_EXCERPTED RECORDS_

_ _ _ _

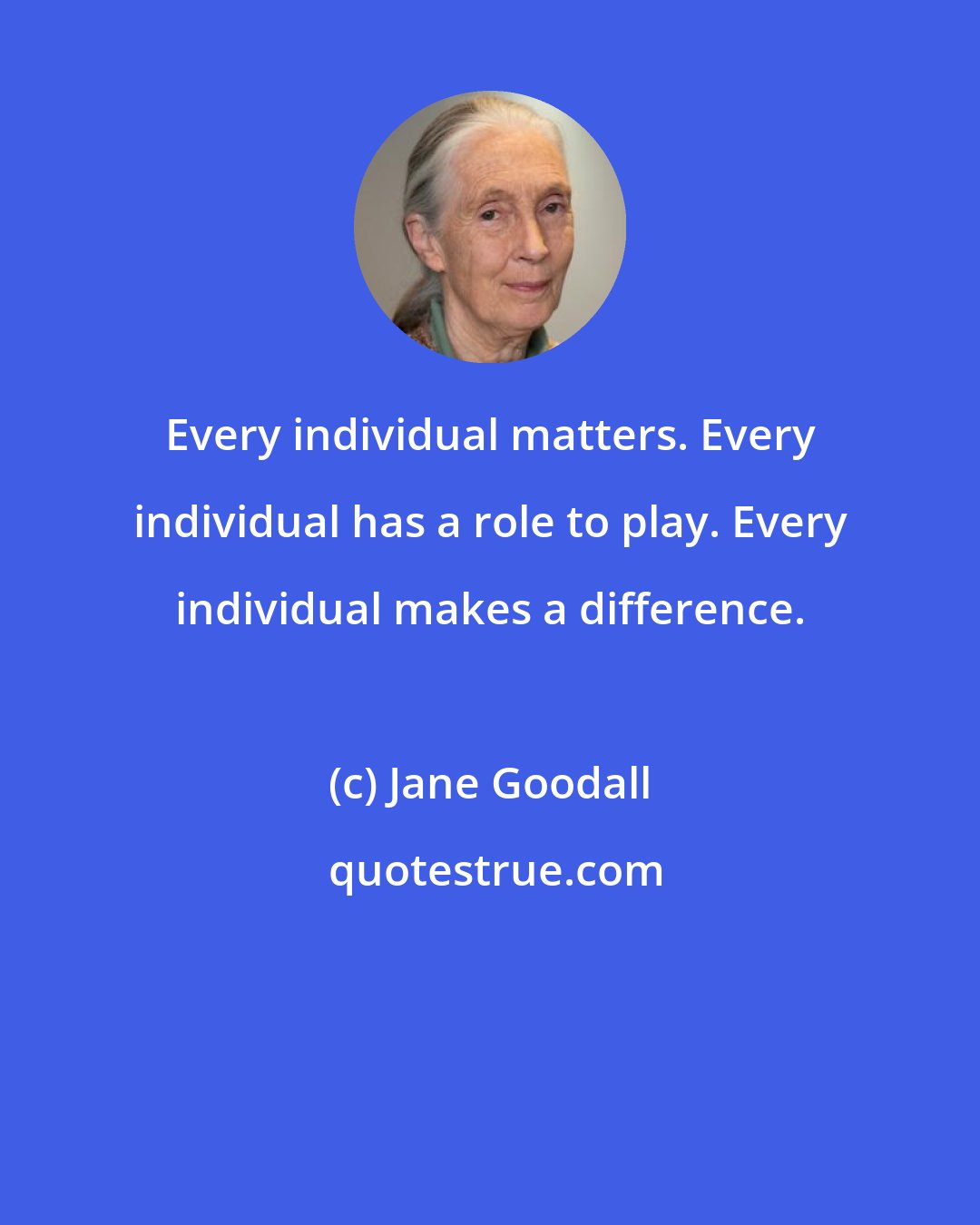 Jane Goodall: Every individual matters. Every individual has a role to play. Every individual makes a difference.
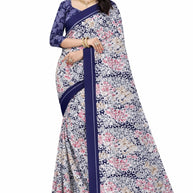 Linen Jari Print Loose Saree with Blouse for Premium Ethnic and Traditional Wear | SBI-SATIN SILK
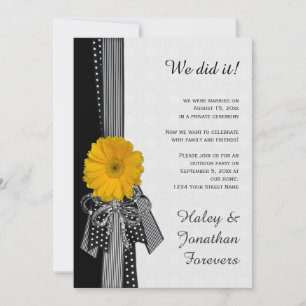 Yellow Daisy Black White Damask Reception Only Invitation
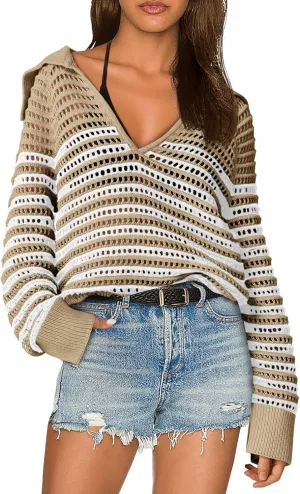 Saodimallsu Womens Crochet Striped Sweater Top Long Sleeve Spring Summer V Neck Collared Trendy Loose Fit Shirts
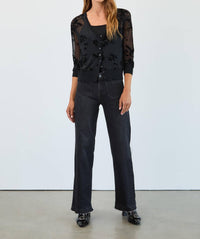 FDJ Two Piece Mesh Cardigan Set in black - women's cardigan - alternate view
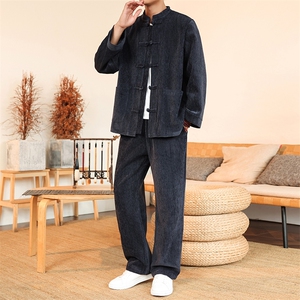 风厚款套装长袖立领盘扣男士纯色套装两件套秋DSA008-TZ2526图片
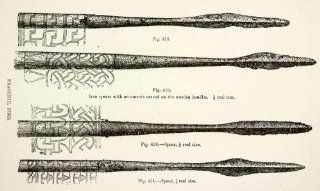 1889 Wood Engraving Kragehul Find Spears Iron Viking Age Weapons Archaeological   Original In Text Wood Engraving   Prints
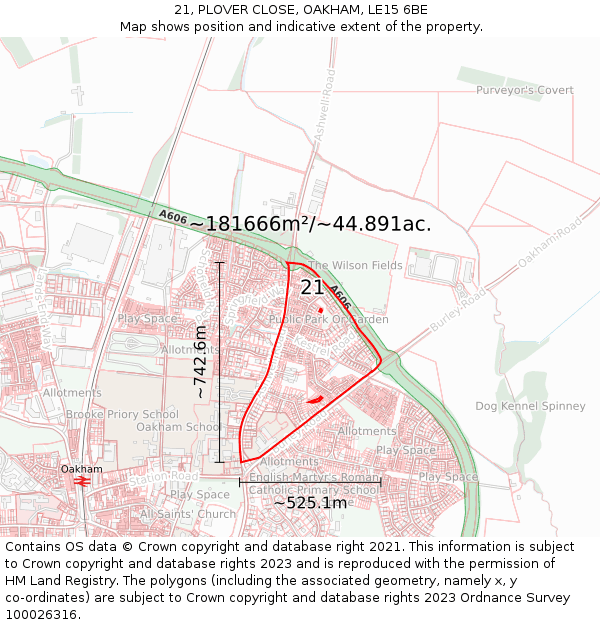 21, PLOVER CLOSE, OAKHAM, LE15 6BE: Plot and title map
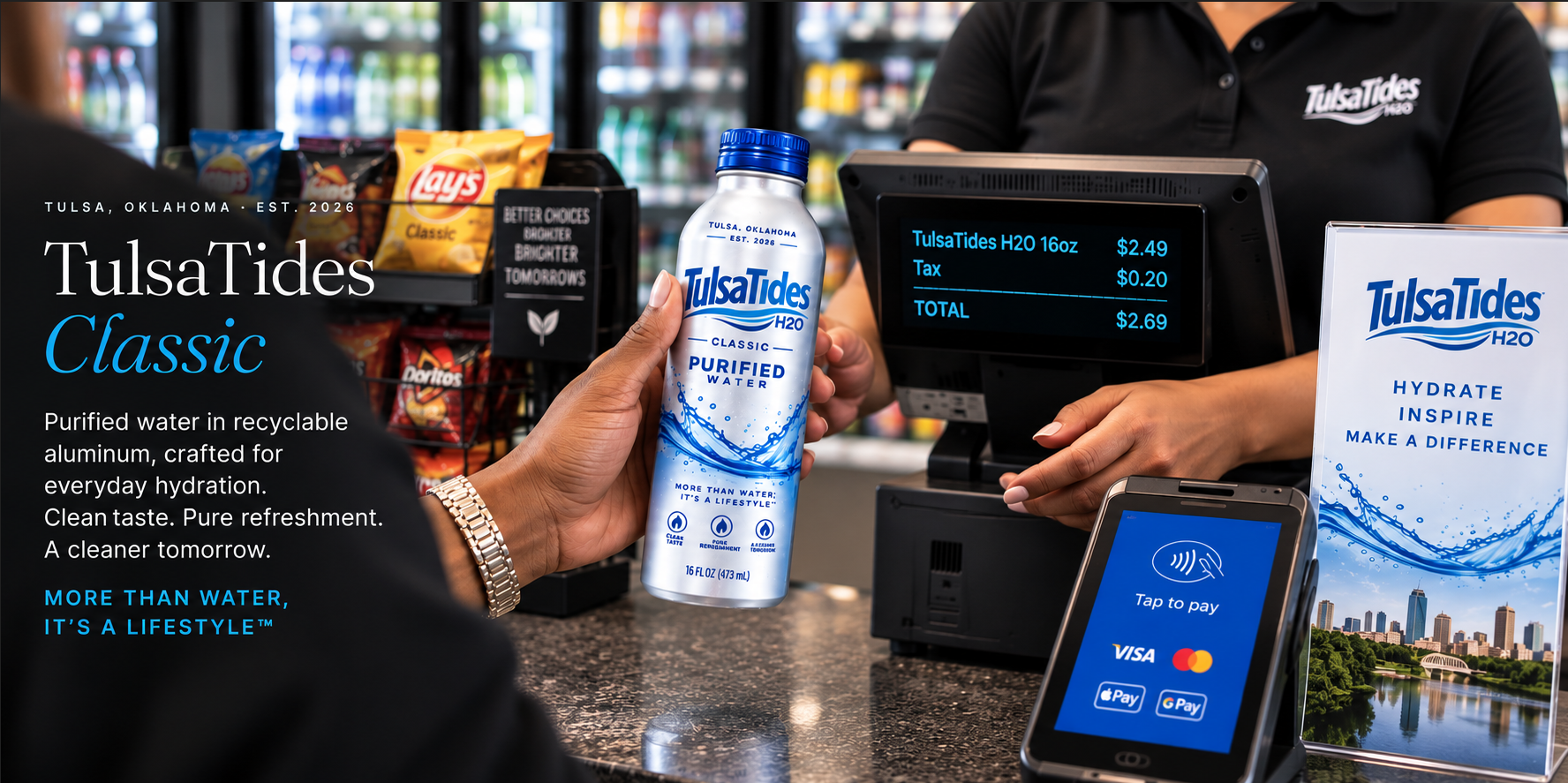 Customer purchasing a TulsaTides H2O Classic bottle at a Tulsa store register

_ _ _ _

Exactly reproduce the entries above, minus the pictures.

 Jane Goodall: Every individual matters. Every individual has a role to play. Every individual makes a difference.
 Linen Jari Print Loose Saree with Blouse for Premium Ethnic and Traditional Wear | SBI-SATIN SILK
 Yellow Daisy Black White Damask Reception Only Invitation
 Saodimallsu Womens Crochet Striped Sweater Top Long Sleeve Spring Summer V Neck Collared Trendy Loose Fit Shirts
 FDJ Two Piece Mesh Cardigan Set in black - women's cardigan - alternate view
 风厚款套装长袖立领盘扣男士纯色套装两件套秋DSA008-TZ2526图片
 1889 Wood Engraving Kragehul Find Spears Iron Viking Age Weapons Archaeological   Original In Text Wood Engraving   Prints
 21, PLOVER CLOSE, OAKHAM, LE15 6BE: Plot and title map
 Customer purchasing a TulsaTides H2O Classic bottle at a Tulsa store register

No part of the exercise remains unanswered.